Merhum kocası Clarence'ın romanını yeniden basan yayınevi ondan bir önsöz isteyince, dolabın dibine tıktığı daktiloyu çıkarıp yazmaya başlıyor. Bugünü ve geçmişi, yaşadıklarını ve kurguladıklarını... Bugünü yaşlılık, yalnızlık, komşusunun evindeki bitkilere, akvaryuma ve sesi sinirini bozan faresine bakma görevi demek. Geçmişi ise birbirinden ilginç karakterlerin resmi geçidi, her bakımdan sıradışı bir yaşam yolculuğunun dökümü adeta.
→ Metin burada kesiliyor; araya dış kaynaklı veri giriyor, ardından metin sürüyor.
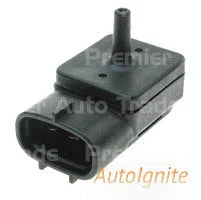 MAP SENSOR | MAP-022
Birbirine eklenen paragraflarla Edna'nın belleği adeta bir mozaik gibi şekle bürünüyor. Cam, maceralı bir evliliğin ve sınırlarını zorlayan bir zihnin renkli resmi, okurda iz bırakacak türde bir resim.
"Edna benzersiz bir karakter, okuru esir alıyor. Zorlu bir öykü anlatıyor: Mesafeli ve eleştirel bir kadın, hafızası yavaş yavaş silinen bir resim gibi. Anıları duygu dolu olmasına karşın, Edna özellikle yalnızlığı ve bıkkınlığı, yüzleşilmesi güç olan ayrıntıları anlatıyor."
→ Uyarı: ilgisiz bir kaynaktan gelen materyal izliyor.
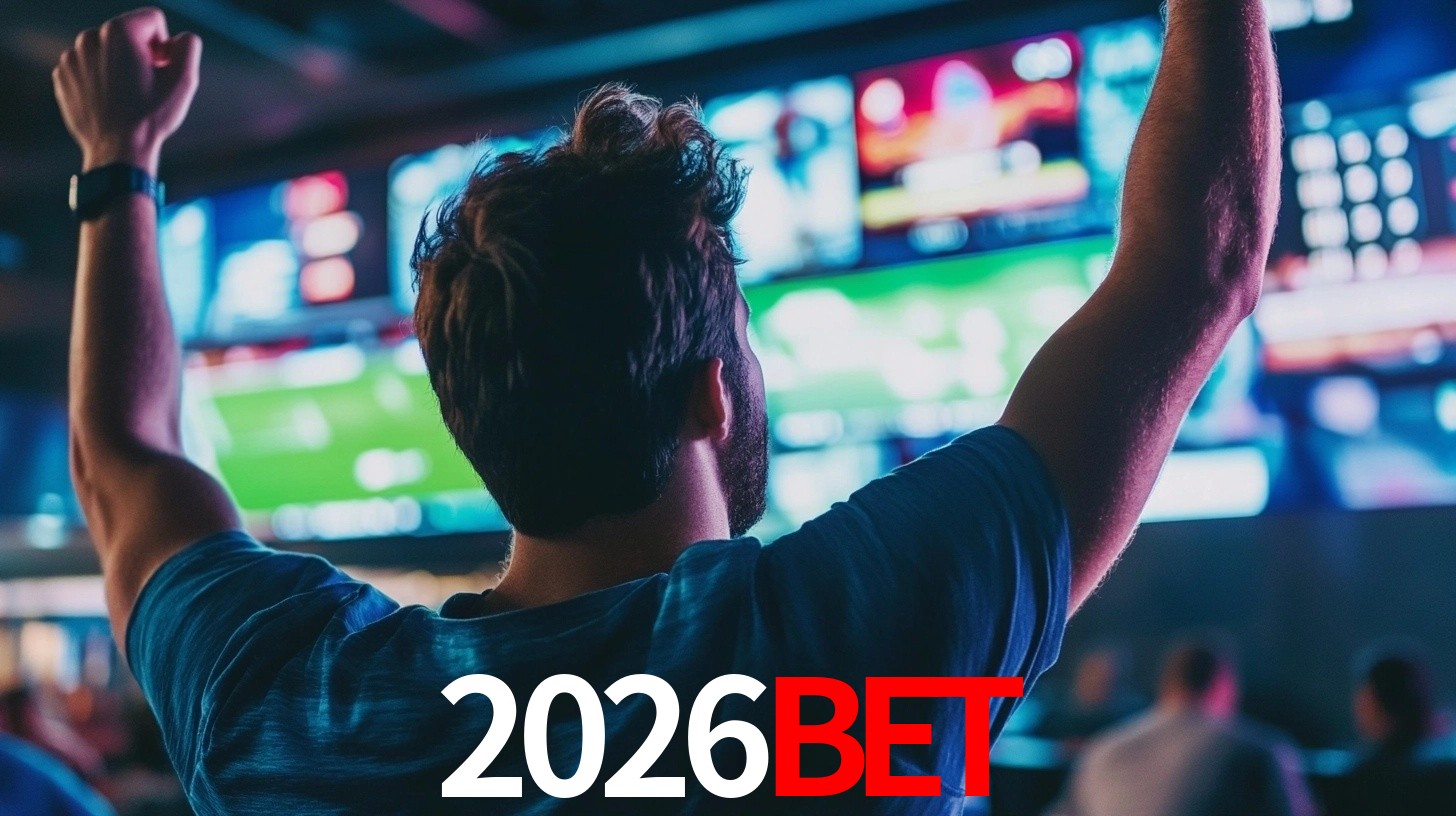 2026bet win paga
- Carolyn Kellogg, The Los Angeles Times
"Çarpıcı bir roman. Cam hem etkileyici biçimde anlatılmış bir hayat hikâyesi hem de yaşlılığa ilişkin ayrıntılı bir tefekkür."
- Minneapolis Star Tribune
"Cam, başarıyla anlatılmış bir hikâye olmasının yanı sıra, etkileyici bir felsefi metin. Sunduğu bakış açısıyla benzersiz bir deneyim ve unutulmaz bir kitap."